Поэты, представленные в книге, интересны тем, что они — еврейские символисты. Построить символизм на таком сложном материале, как идиш — грандиозная задача, требующая большой самостоятельности: здесь и фольклор другой, и бог другой. Эта задача была выполнена с нетривиальными результатами и с большой пользой для языка. Я не стану разбирать конкретные тексты, это чревато вкусовщиной. Куда важнее сказать, что если эти пять поэтов действительно велики (а в предисловии сказано, что они «великие» поэты), то именно тем, что они суть язык. Они милы тем, что они воплощают язык. Мангер с его англо-галицийским акцентом, Гальперн с шуточками а-ля Гейне, Зиша Ландау с его олейниковской нежностью и ужасным юмором Поплавского, и эсер Мани Лейб, и Г. Лейвик — настолько анемичный поэт, что даже не придумал себе полного имени.

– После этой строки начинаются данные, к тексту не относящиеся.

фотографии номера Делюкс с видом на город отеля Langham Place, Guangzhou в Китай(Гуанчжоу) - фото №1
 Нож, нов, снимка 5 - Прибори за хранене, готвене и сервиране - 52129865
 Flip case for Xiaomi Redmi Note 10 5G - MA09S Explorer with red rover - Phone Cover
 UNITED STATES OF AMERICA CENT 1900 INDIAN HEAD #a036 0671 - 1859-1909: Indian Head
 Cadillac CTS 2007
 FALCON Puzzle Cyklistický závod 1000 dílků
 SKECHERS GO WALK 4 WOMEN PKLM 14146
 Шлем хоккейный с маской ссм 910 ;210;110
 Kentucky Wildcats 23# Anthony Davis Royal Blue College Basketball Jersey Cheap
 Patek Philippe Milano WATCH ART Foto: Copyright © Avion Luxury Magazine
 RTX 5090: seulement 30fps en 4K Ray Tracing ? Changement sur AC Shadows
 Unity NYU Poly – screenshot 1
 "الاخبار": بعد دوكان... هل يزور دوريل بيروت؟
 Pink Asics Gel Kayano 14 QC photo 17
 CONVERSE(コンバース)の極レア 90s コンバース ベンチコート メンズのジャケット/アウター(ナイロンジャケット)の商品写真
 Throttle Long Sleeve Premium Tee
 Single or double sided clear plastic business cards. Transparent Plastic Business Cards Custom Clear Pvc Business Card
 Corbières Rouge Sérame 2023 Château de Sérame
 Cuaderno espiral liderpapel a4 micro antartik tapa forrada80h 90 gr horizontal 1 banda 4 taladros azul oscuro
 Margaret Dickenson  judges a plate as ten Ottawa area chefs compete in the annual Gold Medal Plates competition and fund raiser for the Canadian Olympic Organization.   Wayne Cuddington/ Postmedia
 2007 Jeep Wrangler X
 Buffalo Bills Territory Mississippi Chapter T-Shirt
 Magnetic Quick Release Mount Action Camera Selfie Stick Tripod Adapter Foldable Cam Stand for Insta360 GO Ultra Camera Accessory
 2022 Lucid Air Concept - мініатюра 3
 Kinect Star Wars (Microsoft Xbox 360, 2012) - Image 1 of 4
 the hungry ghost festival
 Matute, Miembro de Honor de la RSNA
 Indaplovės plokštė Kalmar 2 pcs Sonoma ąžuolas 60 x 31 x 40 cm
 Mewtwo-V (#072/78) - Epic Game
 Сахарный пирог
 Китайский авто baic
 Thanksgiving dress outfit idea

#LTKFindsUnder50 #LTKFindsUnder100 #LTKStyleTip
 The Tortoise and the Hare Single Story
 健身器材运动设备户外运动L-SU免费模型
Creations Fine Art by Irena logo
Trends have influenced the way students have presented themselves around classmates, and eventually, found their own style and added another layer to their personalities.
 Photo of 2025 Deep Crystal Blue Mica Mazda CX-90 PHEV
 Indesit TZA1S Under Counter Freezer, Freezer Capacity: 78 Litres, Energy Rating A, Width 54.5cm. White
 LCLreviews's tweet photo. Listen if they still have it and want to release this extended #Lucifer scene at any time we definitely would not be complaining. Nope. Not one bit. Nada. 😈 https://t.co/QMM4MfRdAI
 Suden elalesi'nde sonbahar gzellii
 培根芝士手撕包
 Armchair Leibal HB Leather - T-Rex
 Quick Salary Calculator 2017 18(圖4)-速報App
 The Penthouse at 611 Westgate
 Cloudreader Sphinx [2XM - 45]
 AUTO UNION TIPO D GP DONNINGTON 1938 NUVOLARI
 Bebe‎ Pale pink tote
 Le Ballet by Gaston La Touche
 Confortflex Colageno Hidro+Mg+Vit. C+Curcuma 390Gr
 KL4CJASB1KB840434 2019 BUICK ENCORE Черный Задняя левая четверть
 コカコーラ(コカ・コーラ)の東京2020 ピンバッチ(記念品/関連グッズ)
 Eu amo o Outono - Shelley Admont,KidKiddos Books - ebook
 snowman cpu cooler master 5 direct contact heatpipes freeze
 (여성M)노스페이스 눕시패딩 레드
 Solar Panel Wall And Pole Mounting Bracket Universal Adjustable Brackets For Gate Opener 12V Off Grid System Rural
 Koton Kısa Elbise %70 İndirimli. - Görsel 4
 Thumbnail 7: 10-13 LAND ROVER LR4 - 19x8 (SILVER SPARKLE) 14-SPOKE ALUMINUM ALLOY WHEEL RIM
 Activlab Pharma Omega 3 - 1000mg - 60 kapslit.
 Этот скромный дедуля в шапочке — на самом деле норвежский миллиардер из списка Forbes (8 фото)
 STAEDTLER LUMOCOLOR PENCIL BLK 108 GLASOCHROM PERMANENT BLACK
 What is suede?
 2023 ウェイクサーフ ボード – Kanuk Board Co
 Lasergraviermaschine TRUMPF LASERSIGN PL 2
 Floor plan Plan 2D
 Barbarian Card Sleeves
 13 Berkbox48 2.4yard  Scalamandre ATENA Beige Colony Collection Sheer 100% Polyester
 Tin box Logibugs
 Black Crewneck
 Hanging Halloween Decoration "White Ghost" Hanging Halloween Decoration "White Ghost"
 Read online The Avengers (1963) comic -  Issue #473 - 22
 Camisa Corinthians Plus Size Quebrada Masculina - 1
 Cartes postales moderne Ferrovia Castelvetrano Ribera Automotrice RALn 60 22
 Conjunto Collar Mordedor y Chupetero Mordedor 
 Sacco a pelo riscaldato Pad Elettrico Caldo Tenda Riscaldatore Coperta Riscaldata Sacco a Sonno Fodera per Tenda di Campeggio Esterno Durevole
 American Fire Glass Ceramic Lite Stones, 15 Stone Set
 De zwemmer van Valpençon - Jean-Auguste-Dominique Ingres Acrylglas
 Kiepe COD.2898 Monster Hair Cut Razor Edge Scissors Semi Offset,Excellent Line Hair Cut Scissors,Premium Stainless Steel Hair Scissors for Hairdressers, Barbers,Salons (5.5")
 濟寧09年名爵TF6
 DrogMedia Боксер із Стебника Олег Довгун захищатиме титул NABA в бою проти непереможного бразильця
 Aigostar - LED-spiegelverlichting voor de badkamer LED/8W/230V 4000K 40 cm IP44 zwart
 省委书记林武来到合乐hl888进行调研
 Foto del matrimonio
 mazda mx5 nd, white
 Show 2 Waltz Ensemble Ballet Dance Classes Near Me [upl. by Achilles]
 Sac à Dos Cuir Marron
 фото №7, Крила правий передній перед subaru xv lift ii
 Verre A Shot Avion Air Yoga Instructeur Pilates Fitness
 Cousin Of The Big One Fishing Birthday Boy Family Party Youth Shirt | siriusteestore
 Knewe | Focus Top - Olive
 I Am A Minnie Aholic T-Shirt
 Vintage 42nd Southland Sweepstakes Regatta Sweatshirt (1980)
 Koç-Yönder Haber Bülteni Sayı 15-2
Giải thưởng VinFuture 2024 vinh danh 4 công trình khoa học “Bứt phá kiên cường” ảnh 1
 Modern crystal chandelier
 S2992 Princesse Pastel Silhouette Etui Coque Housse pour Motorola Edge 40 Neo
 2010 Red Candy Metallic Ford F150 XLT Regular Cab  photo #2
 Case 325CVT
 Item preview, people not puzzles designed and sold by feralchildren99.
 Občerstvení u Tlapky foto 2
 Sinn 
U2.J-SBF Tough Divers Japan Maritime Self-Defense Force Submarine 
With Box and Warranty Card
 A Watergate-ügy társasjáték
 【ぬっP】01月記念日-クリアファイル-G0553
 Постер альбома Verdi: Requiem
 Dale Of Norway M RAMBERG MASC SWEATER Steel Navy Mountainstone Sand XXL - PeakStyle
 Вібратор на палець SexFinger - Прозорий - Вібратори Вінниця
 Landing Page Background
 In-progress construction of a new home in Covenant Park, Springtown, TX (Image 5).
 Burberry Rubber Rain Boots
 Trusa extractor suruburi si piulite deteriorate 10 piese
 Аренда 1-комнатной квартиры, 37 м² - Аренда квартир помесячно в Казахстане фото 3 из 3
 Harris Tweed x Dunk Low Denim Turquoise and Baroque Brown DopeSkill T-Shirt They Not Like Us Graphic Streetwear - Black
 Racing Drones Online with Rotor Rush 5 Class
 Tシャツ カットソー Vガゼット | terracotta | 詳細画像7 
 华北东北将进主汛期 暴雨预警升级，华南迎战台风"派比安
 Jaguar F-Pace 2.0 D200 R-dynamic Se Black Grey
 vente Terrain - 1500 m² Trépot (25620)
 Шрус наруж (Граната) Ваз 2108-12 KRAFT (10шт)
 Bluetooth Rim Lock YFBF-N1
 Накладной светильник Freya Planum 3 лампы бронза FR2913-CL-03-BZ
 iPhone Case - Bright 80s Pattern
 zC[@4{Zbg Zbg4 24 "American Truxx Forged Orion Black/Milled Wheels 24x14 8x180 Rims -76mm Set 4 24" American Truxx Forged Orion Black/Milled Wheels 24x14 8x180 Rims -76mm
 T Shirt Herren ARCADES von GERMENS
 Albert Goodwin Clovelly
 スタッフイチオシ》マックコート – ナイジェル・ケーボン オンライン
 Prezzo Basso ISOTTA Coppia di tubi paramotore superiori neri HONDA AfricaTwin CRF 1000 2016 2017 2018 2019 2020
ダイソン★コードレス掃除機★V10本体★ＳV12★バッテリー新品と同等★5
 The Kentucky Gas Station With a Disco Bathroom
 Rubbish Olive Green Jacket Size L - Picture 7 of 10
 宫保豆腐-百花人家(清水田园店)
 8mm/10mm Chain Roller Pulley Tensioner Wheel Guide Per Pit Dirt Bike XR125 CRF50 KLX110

В мае, на презентации «Бумажных мостов», публика, объективно выпив водки, вышла курить на крыльцо. Шел сильный дождь. Живая собака бежала мимо мертвого каменного льва. За разговорами выяснилось, что все ждали билингвы, двуязычной книги. Ждали двуязычной декламации и пения здесь и сейчас. Особенно рьяные требовали выкинуть прекрасные иллюстрации Давида Гобермана и вместо них поставить идишский текст. Теперь также идет дождь и, насколько я понимаю, аудитория по-прежнему ждет двуязычных книг.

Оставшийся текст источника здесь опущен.